## WHAT TO WORK ON
Images excepted, the data below must be repeated exactly.

## DATA BLOCK
● ● ●

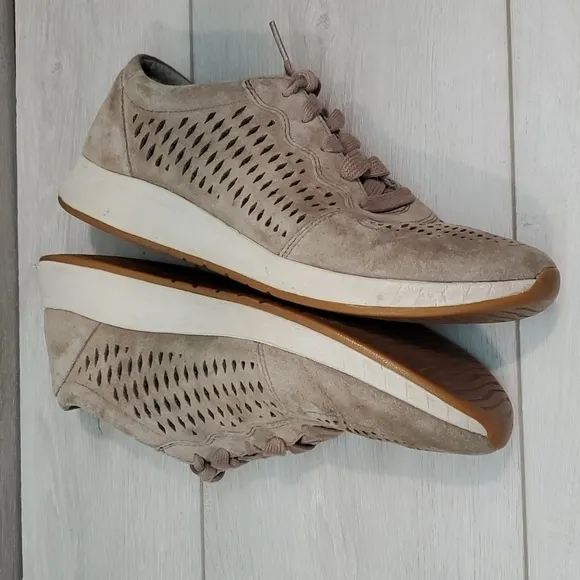 Dansko Women Charlie Suede Lace Up Low Top Comfort Sneakers shoes sz 39/8.5-9
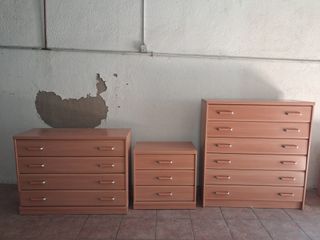 Mesita, tocador y cómoda de madera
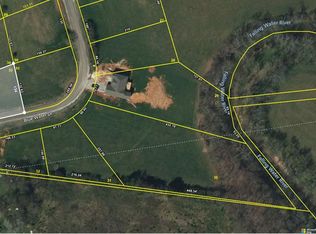 745 Blue Water Dr, Cookeville, TN 38506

● ● ●

## TASK SOLUTION
 Dansko Women Charlie Suede Lace Up Low Top Comfort Sneakers shoes sz 39/8.5-9
 Mesita, tocador y cómoda de madera
 745 Blue Water Dr, Cookeville, TN 38506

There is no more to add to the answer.